TL;DR

  • System: Sentinel-16 — an AI Knowledge Operating System built on a 106k-word base.
  • Architecture: Prompt → Mod → Pack → Plug → Base → Guardian.
  • Security: The Guardian explicitly protects against prompt injection, keeping proprietary knowledge safe.
  • Lesson: AI is most valuable when designed as modular, secure infrastructure — not just another chatbot.

Context / Challenge

AI tools exploded in popularity, but they shared the same flaw: they were fragile and inconsistent.

  • Prompts had to be remembered, rewritten, and re-tested each time.
  • Results varied depending on wording.
  • Proprietary knowledge couldn’t be safely embedded, because prompt injection could expose it.

I wasn’t interested in building “just a chatbot.” The challenge was bigger:

👉 Could I design an AI Operating System that modularized knowledge, safeguarded it from leaks, and made it reusable across workflows?


The Build

I designed Sentinel-16 as both a system and a business model:

Architecture:

  • Prompt → raw building block.
  • Mod → reusable prompt pattern.
  • Pack → themed collection of Mods for workflows.
  • Plug → integration point into other tools/contexts.
  • Base → the structured knowledge foundation.
  • Guardian → the single front-facing layer, carrying tone + security.

The Guardian is critical:

  • It’s the security layer that explicitly protects against prompt injection so the proprietary Base cannot be compromised.
  • It’s also the interaction layer — giving the system presence, tone, and pacing.

Together, the Guardian + Base form a complete, client-ready OS.


Sentinel 16's Knowledge Base: A 106k-word modular foundation. Structured around Prompts → Mods → Packs → Plugs, it is the engine that powers Sentinel-16. (https://craft.do/)
Sentinel 16's Avatar: A designed identity that makes the Guardian legible. It signals presence, but more importantly, it represents the security layer that protects against prompt injection and manages access to the Base. (https://leonardo.ai/)
Custom GPT: The interactive interface where clients actually engage. This is the front-facing Guardian, redirecting unsafe prompts, facilitating knowledge use, and making the OS usable in daily practice. (Custom GPT)

Validation

I tested the business case with an early survey:

  • Marketing respondent: Used AI for copy + idea generation. Frustrated by inconsistency. Saw Mods as a way to save time in prospecting + client comms.
  • Legal respondent: Used AI for Q&A. Same pain: inconsistency.
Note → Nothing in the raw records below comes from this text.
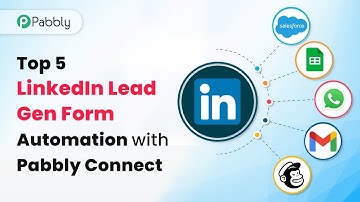 Top 5 LinkedIn Lead Gen Form Automation - Automate LinkedIn Lead Gen Form with Pabbly Connect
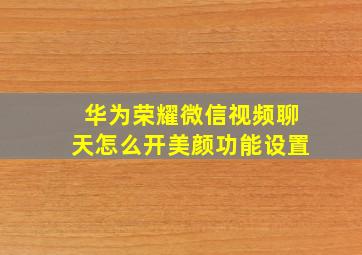 华为荣耀微信视频聊天怎么开美颜功能设置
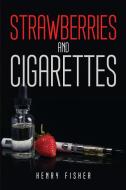 Strawberries and Cigarettes di Henry Fisher edito da Henry Fisher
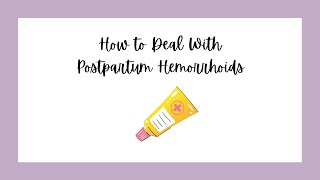 How to Deal With Postpartum Hemorrhoids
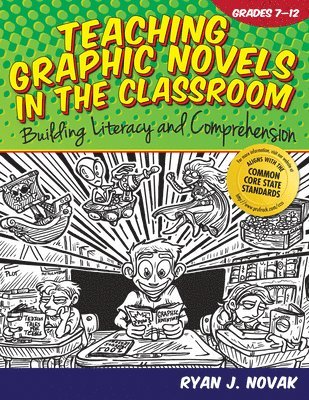 Teaching Graphic Novels In The Classroom 1
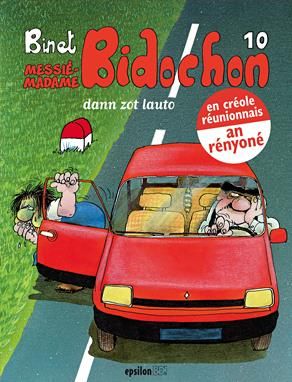 Messié-Madame Bidochon - Dann zot lauto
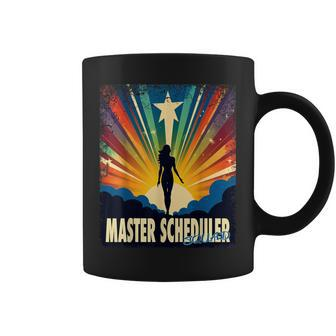 Master Scheduler Female Hero Job Women Coffee Mug | Mazezy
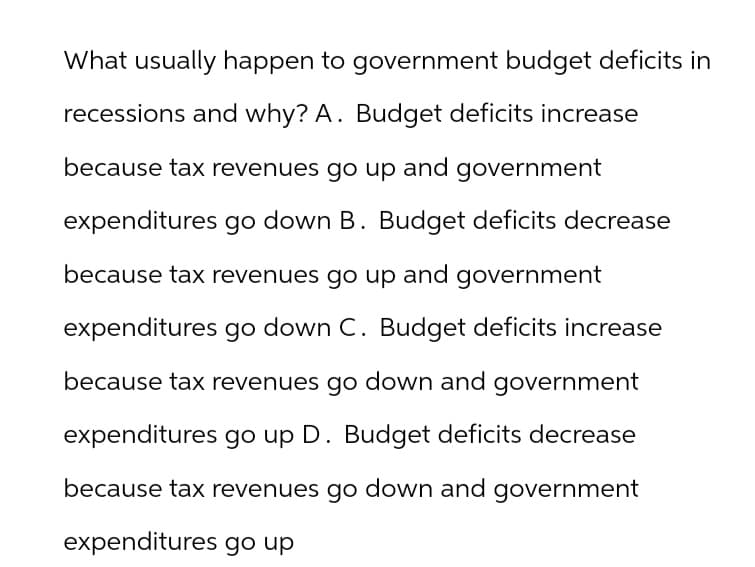 What usually happen to government budget deficits in
recessions and why? A. Budget deficits increase
because tax revenues go up and government
expenditures go down B. Budget deficits decrease
because tax revenues go up and government
expenditures go down C. Budget deficits increase
because tax revenues go down and government
expenditures go up D. Budget deficits decrease
because tax revenues go down and government
expenditures go up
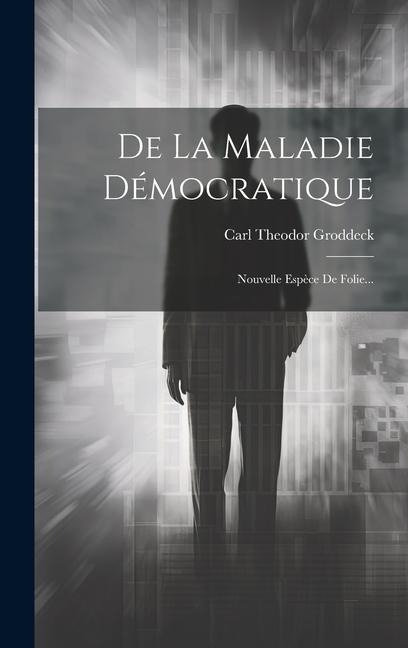 De La Maladie Démocratique: Nouvelle Espèce De Folie... - Carl Theodor Groddeck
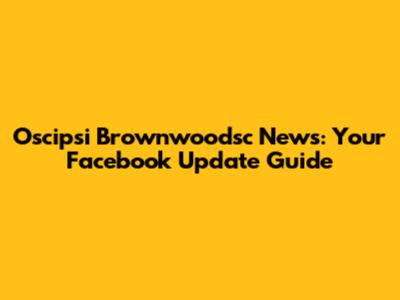 Oscipsi Brownwoodsc News: Your Facebook Update Guide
Validated Mods as valuable for internal workflows.

🔑 Cross-domain pattern: Two very different fields, same problem.

Buying signal: 100% wanted to see Mods in action via demo/workshop.

This confirmed the opportunity: Sentinel-16 solves a universal pain — prompt inconsistency, wasted time, and lack of reuse.


Outcome / Impact

  • Built Sentinel-16 into a working Knowledge OS.
  • Validated demand for Knowledge as a Service (KaaS).
  • Positioned the system for first-client engagements.

Reflection

The biggest impact of building Sentinel-16 is this: it’s not just a system — it’s a business.
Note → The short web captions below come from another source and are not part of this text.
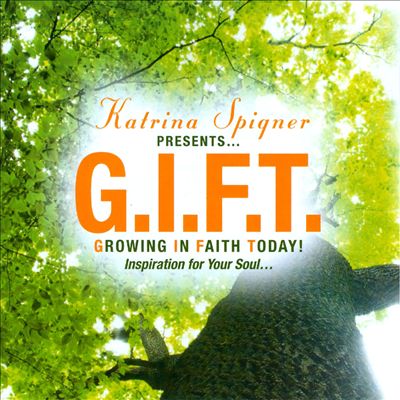 G.I.F.T. Growing In Faith Today!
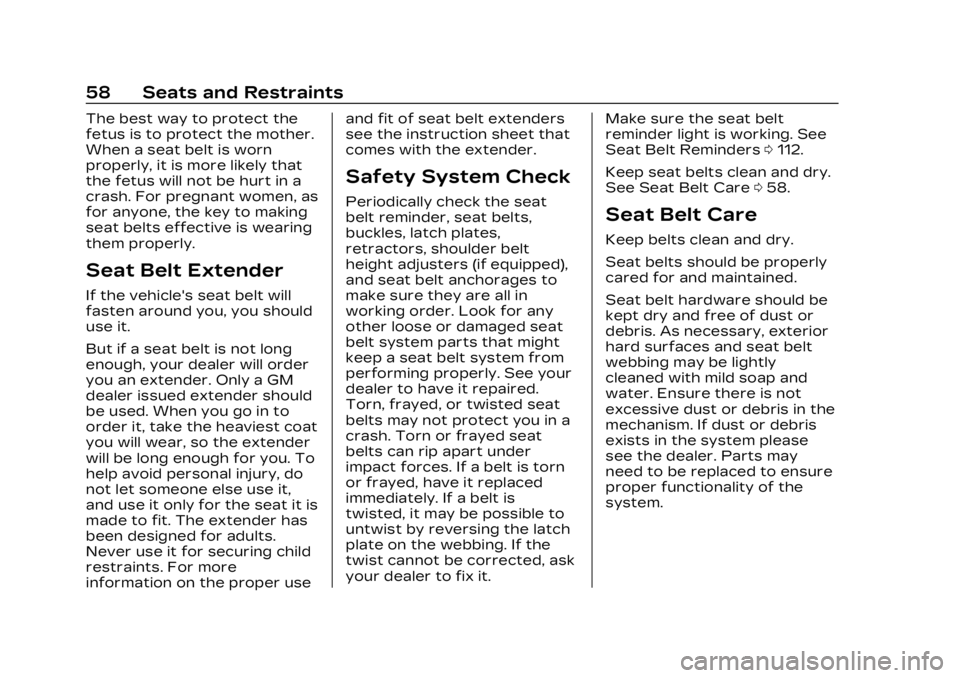 CADILLAC LYRIC 2023 Owners Manual Cadillac Lyriq Owner Manual (GMNA-Localizing-U.S./Canada-15644413) -
2023 - CRC - 2/23/22
58 Seats and Restraints
The best way to protect the
fetus is to protect the mother.
When a seat belt is worn
p CADILLAC LYRIC 2023 Owners Manual Cadillac Lyriq Owner Manual (GMNA-Localizing-U.S./Canada-15644413) -
2023 - CRC - 2/23/22
58 Seats and Restraints
The best way to protect the
fetus is to protect the mother.
When a seat belt is worn
p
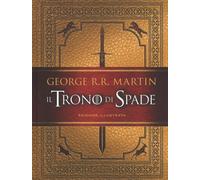 Libri George R. R. Martin - Il Trono Di Spade. Ediz. Illustrata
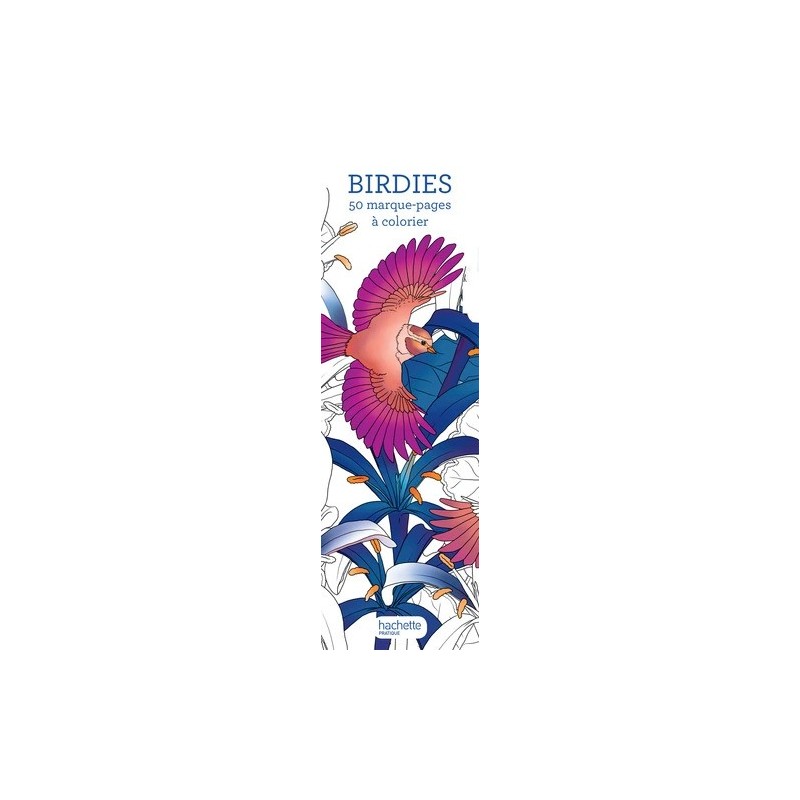 50 marque-pages à colorier - Birdies - Thématique autour des oiseaux - 50 pages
By combining a modular Base with a Guardian that explicitly protects against prompt injection, I’ve created a framework that organizations can trust with their proprietary knowledge.

The next milestone: securing the first client, proving the model in practice.


Closing Thought

Sentinel-16 reframes what AI can be:

  • A Guardian that protects knowledge and builds trust.
  • A Base that modularizes and reuses expertise.
  • An OS that turns fragile prompting into scalable, secure workflows.

This isn’t a chatbot.

It’s a secure operating system for knowledge.